Um condenado por furto de madeira em terra indígena foi escolhido como símbolo da política indigenista do governo Jair Bolsonaro. O líder indígena Ronaldo Zokezomaiake foi um dos anfitriões dos ministros do Meio Ambiente, Ricardo Salles, e da Agricultura, Tereza Cristina, quando os dois foram, em fevereiro de 2019, participar da festa da colheita de soja dos povos das etnias Pareci, Nambikwara e Manoki.

Além deles, estavam na comitiva o governador de Mato Grosso, Mauro Mendes, e o secretário nacional de Assuntos Fundiários, Luiz Antônio Nabhan Garcia, ex-presidente da União Democrática Ruralista (UDR). A colheita, como já mostrou o Joio, foi realizada em uma área que estava embargada por decisão do Ibama devido a desmatamento e cultivo ilegal com grãos transgênicos.

Esses povos e sua produção de grãos foram apontados como exemplos positivos no discurso do governo Bolsonaro, defensor da monocultura em áreas indígenas e de que a produção em larga escala em “parceria” com latifundiários seria uma forma de tirar os povos originários da miséria e garantir a independência deles. Aliado do então presidente e dos ruralistas, Mendes chegou a propor programas estaduais para financiamento e outras formas de apoio para as monoculturas em territórios tradicionais.

Zokezomaiake era presidente da Cooperativa Agropecuária dos Povos Indígenas Haliti-Parecis, Nambikwara e Manoki (Copihanama), criada em 2018 e responsável pelo plantio dentro dos territórios. E assim se tornou uma voz ouvida por diversos veículos de imprensa, de como a soja seria uma solução para a fragilidade econômica em que viviam muitas dessas comunidades, carentes na fauna e da flora originais de suas regiões e com seu modo de vida tradicional devido ao avanço do agronegócio.

Agro em terras indígenas

O indígena participou também de audiência pública na Comissão de Agricultura e Reforma Agrária (CRA) do Senado, em outubro de 2019, para defender essas propostas. O convite foi feito pelos então senadores Márcio Bittar (MDB-AC), Chico Rodrigues (DEM-RR), Jayme Campos (DEM-MT) e Soraya Thronicke (PSL-MS), na época presidente da CRA. Todos os parlamentares listados faziam parte naquele momento da base bolsonarista. Na ocasião, ele disse que sua comunidade optou pela produção agrícola em razão do alto índice de desnutrição de seu povo, nos anos 1990. Disse, também, que a burocracia e normas legais geram entraves à produção indígena e impedem a regulamentação de muitos projetos.

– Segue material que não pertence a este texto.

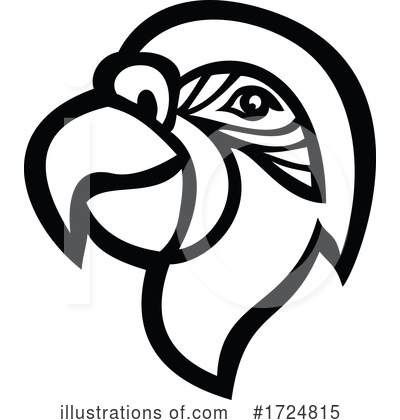 Royalty-Free (RF) Mascot Clipart Illustration by patrimonio - Stock Sample #1724815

Enquanto era recebido com honras por grupos favoráveis aos ruralistas, notadamente ligados ao ex-presidente, Zokezomaiake cumpria pena em regime aberto por ter participado do furto de madeiras de lei de uma terra indígena em Comodoro (MT), município a cerca de 130 quilômetros de Sapezal, onde mora. A condenação em primeira instância foi confirmada pelo Tribunal Regional Federal da 1ª Região. Como não tinha antecedentes criminais e a pena era de quatro anos, Zokezomaiake teve sua pena convertida para prestação de serviços à comunidade.

No final de 2021, o Ministério Público Federal enviou um ofício para a Justiça estadual do Mato Grosso para saber se as horas de serviço comunitário tinham sido cumpridas. É o procedimento normal para que a pena seja considerada extinta. A Justiça, no entanto, não conseguiu citar Zokezomaiake até fevereiro deste ano, última movimentação que consta no processo. Um funcionário da Funai assinou a citação.

O crime foi cometido em agosto de 1997 e o indígena foi preso em flagrante pela Polícia Federal junto com seis pessoas, que não tinham qualquer relação com a comunidade indígena. Seu pai também estava no momento da detenção, mas não havia provas suficientes de que ele havia participado do crime.

Os policiais federais faziam naquela madrugada a Operação Madeira Livre, na Reserva Indígena de Comodoro, habitada pela etnia Nambikwara Mamaindê, por conta dos constantes ataques de madeireiros ilegais contra o território. Foi assim que flagraram um caminhão saindo do local com 10 toras de madeiras nobres. Um outro veículo vinha logo atrás com um trator que foi usado para a retirada das toras e a sua colocação em cima do caminhão.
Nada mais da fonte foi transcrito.